Contact: Joe Vargo, Perris Public Information Officer
Phone: 951-956-2120
jvargo@cityofperris.org

Take a Fresh Look at Water – "Rethink Your Drink" Event

As part of their continuing program to encourage healthy eating and active living, Perris officials have encouraged City residents to forego sugary energy and sports drinks for alternative refreshment.

One of the best is readily available to everyone at practically no cost: tap water.

The City is teaming up with the Riverside County Department of Public Health and Eastern Municipal Water District on Sept. 11 to urge residents to “Rethink Your Drink.” The event takes place from 1 p.m. to 5 p.m. at the Food 4 Less grocery store at 1688 North Perris Blvd.
Perris Mayor Daryl Busch said residents should pay close attention to the sugar-based drinks they consume, which can cause obesity, diabetes and other health problems.

“Some people get hooked on these drinks and don’t even know it,” he said. “I encourage everyone to evaluate what you’re drinking and how it could be detrimental to your health and lifestyle.”

The “Rethink Your Drink” program marks the latest in the City’s “Live Well Perris” initiative, a comprehensive effort aimed at improving health through exercise and sensible eating. Other Live Well Perris events have included a community health fair, a “biggest loser” contest, twice-weekly workouts with City Council members, a walk with Mayor Busch, a basketball camp set for Sept. 21, the annual Tour De Perris bicycle ride on Oct. 5 and the Oct. 19 walk down historic D Street. On Saturday, Sept. 7, Mayor Pro-Tem Mark Yarbrough will lead a short bicycle ride at the Lake Perris State Recreation Area.

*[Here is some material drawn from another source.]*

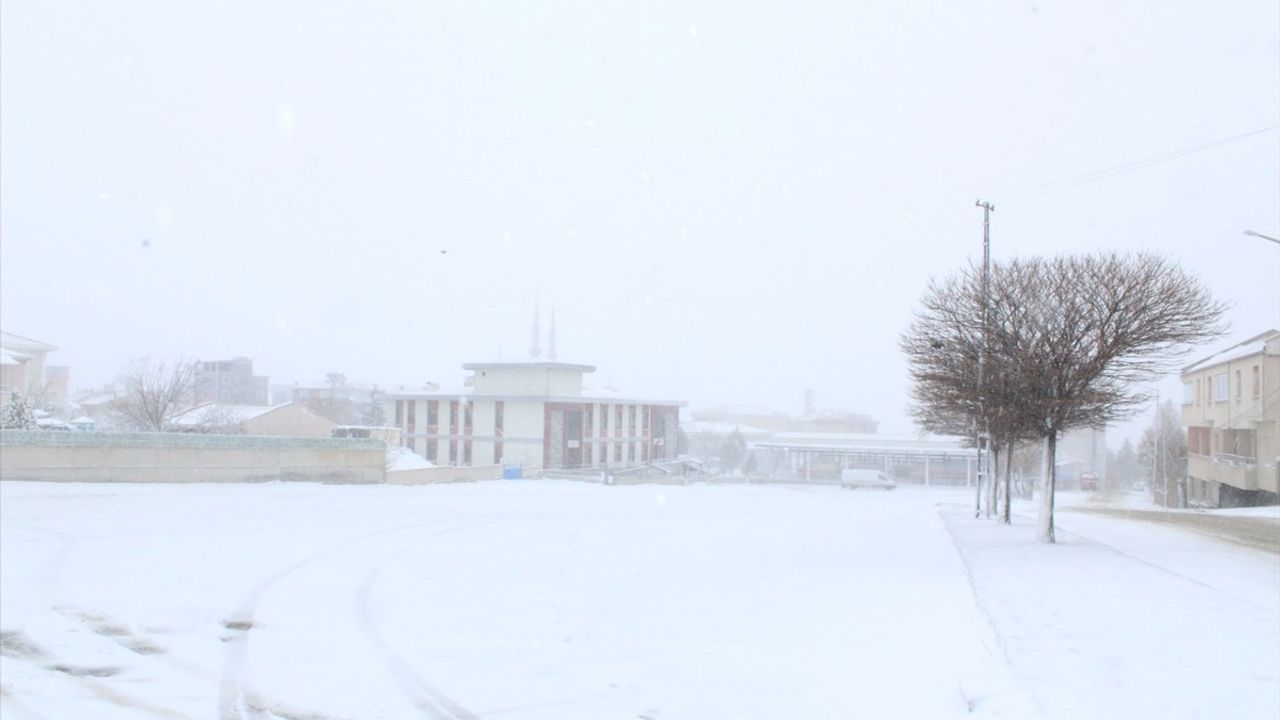 Konya'da Kar Yağışı Ulaşımda Aksamalar Yarattı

Andrea Morey, a health education assistant for the Riverside County Department of Public Health, said Perris officials have taken the lead throughout the region through the City’s “Live Well” program.

“The City of Perris has proven the most pro-active in reaching out to its residents and encouraging them to find ways to improve their health,” Morey said.

Morey said the Perris Think Your Drink program is part of a state-wide effort to wean people from high-calorie sodas, fruit drinks and energy drinks to water. She said that some people consume energy and sports drinks, forgetting their high-calorie count because of they also include vitamins. There are better ways to take in vitamins, like whole fruits and vegetables. And don’t forget the cost, she said.

“Why spend your hard-earned money on punch or soda when you can drink tap water for free?” she said.

Participants at the Perris Rethink Your Drink will receive collapsible water bottles and goodie bags containing nutritional information and healthy recipes. A “smoothie bike” will also be on hand. That’s a stationary bike attached to a blender that allows people to pedal off some calories while mixing their own healthy drink.

Other agencies taking part in the City’s upcoming Rethink Your Drink program include the Network for a Healthy California, CalFresh/Find Food Bank, Molina Healthcare and the Riverside Community Diabetes Collaborative.